In an embodiment, mapping one transmission block includes mapping of a first channel corresponding to the one transmission block.

The mapping of the first channel corresponding to the one transmission block includes one of: mapping of a physical sidelink control channel (PSCCH) corresponding to the one transmission block; or mapping of a physical sidelink shared channel (PSSCH) corresponding to the one transmission block.

In an embodiment, determining the resource mapping manner for the sidelink communication using the second subcarrier spacing according to the slot aggregation level, the number of first symbols and the first symbol position includes the following.

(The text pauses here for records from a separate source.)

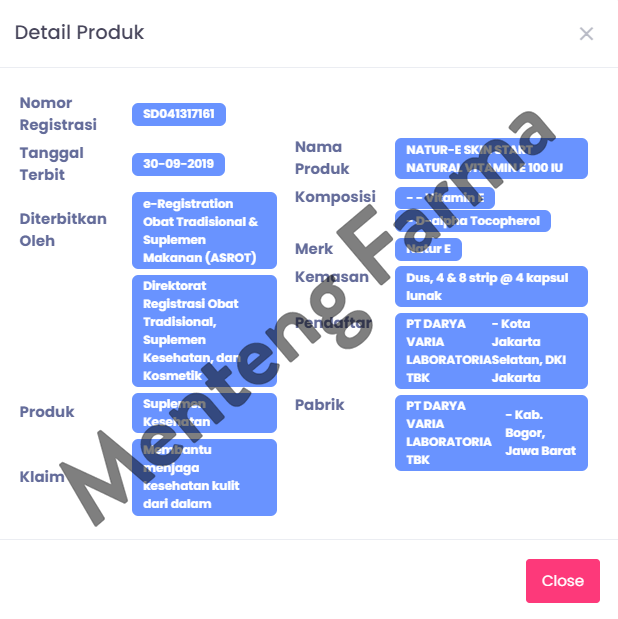 Natur E Natural Vitamin E 100 IU Isi 32 Kapsul - Menteng Farma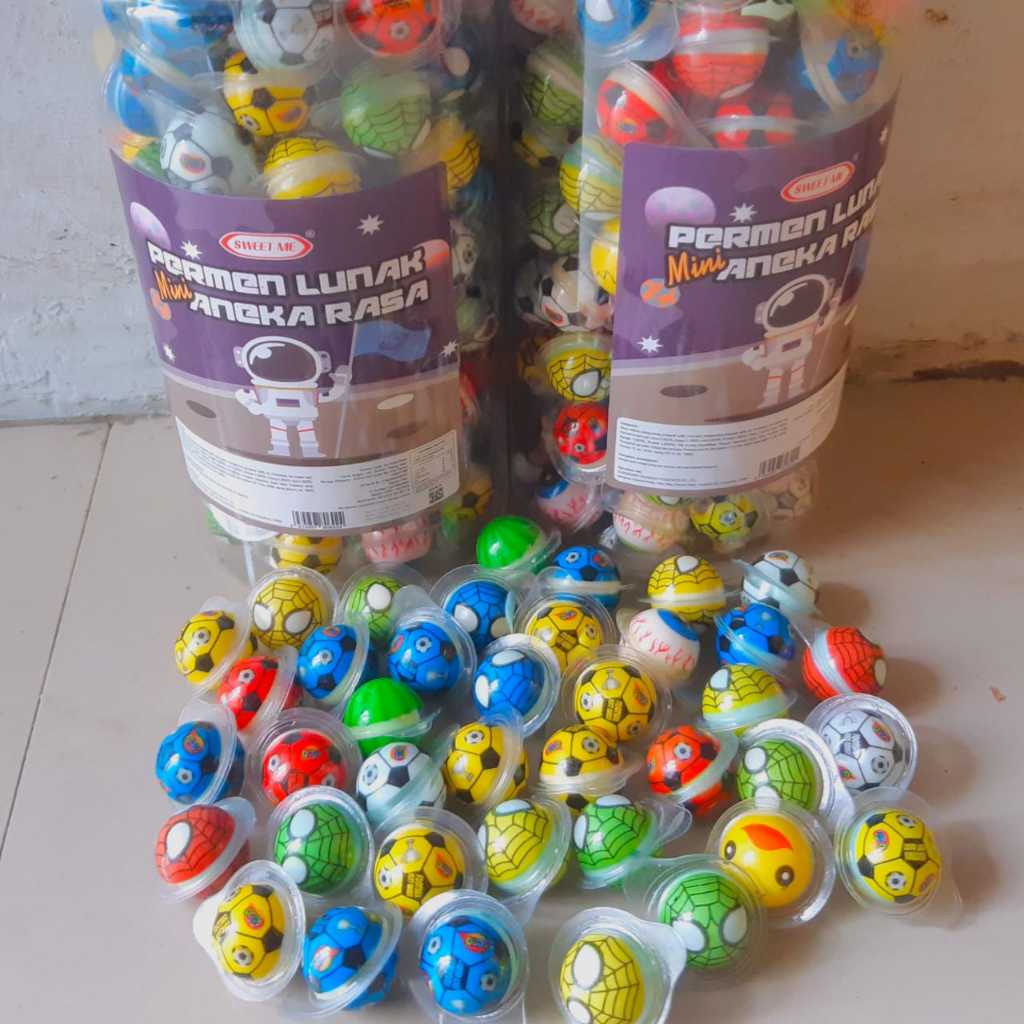 

1 TOPLES ISI 120 PCS PERMEN LUNAK RASA BUAH BUAHAN / PERMEN LUNAK MINI / PERMEN LUNAK / PERMEN LUNAK RASA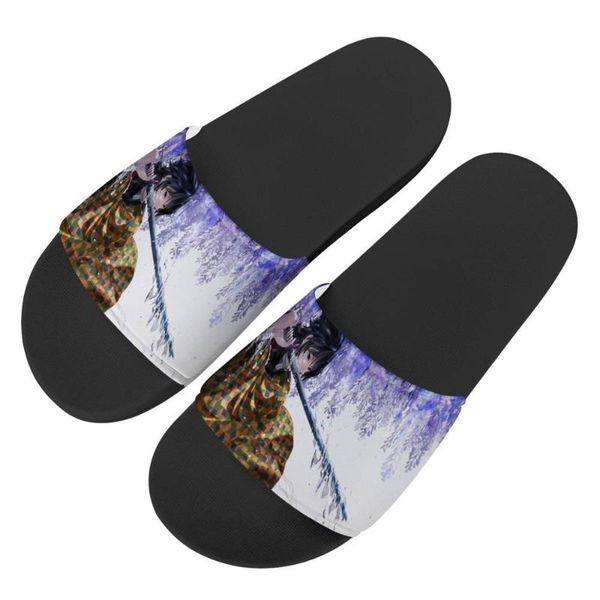 slippers women custom pattern anime print summer fashion slide sandals outdoor non-slip beach shoes platform flip flops, Black
slippers women custom pattern anime print summer fashion slide sandals outdoor non-slip beach shoes platform flip flops, Black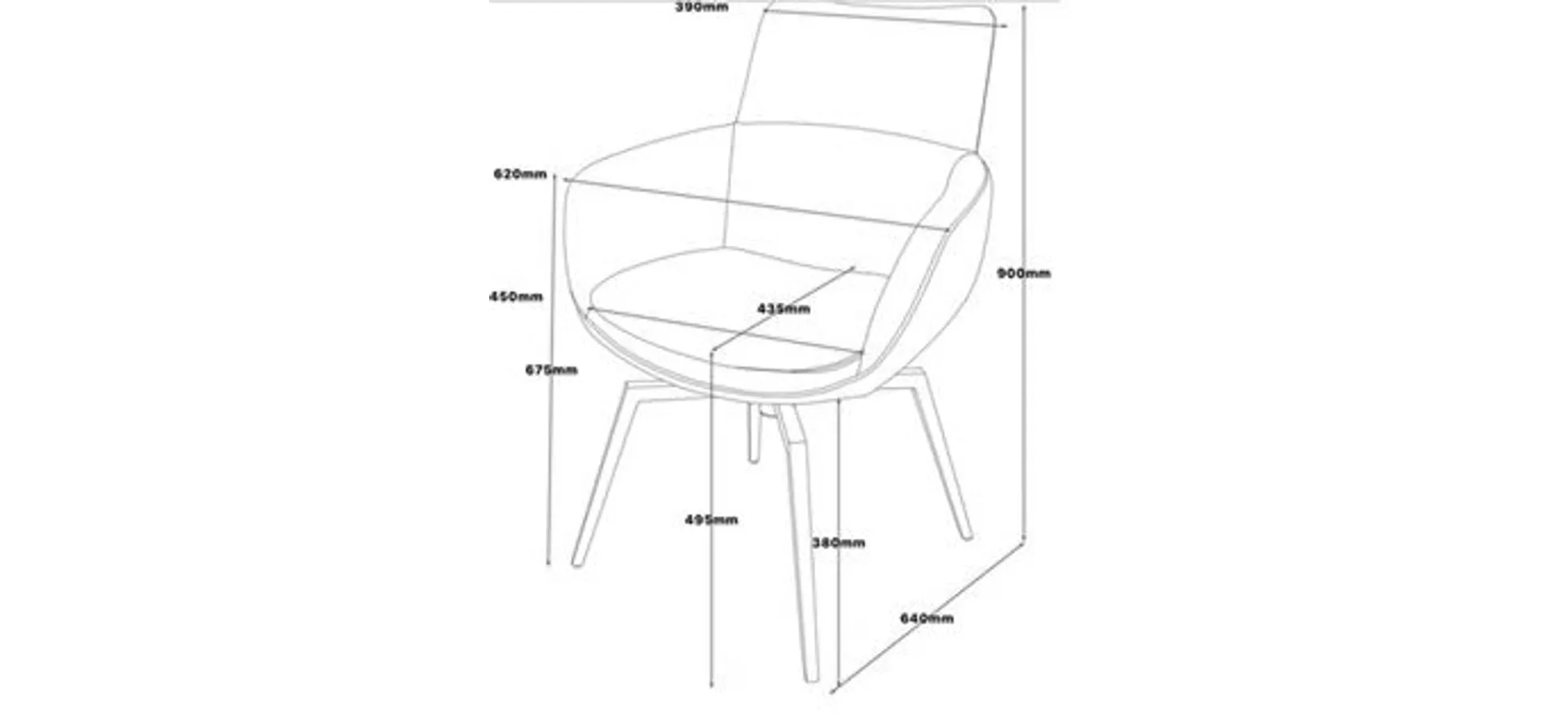 Armlehnstuhl, Stoff grau, drehbar - Maxine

The number of second symbols and a second symbol position are determined according to the slot aggregation level, the number of first symbols and the first symbol position; and a second channel or a second signal is mapped according to second symbols corresponding to the number of second symbols and the second symbol position.

In the embodiment, after the number of second symbols and the second symbol position are determined, a start symbol position in the second slot is determined according to the second symbol position, and the second channel or the second signal is mapped.

In an embodiment, the second channel or the second signal includes at least one of: a sidelink synchronization signal; a physical sidelink discovery channel (PSDCH); a physical sidelink feedback channel (PSFCH); a sidelink positioning signal; or a sidelink channel state information reference signal (CSI-RS).

In an embodiment, the number of first symbols and the first symbol position include the predefined number of symbols and a predefined symbol position of a second channel under the first subcarrier spacing or the predefined number of symbols and a predefined symbol position of a second signal under the first subcarrier spacing.

In an embodiment, the number of first symbols and the first symbol position include at least one of the following.

For a physical sidelink feedback channel, the number of first symbols is 2, and the first symbol position is calculated or indicated by a configuration parameter; for a sidelink synchronization signal and channel, the number of first symbols is 14, and the first symbol position is the first symbol in the 1st slot; for a sidelink discovery channel, both the number of first symbols and the first symbol position are calculated or indicated by a configuration parameter; for a sidelink positioning signal, both the number of first symbols and the first symbol position are calculated or indicated by a configuration parameter; or for a sidelink channel state information reference signal, both the number of first symbols and the first symbol position are calculated or indicated by a configuration parameter. For a sidelink synchronization signal and channel, the first symbol position may be 0, that is, may be the first symbol in the first slot.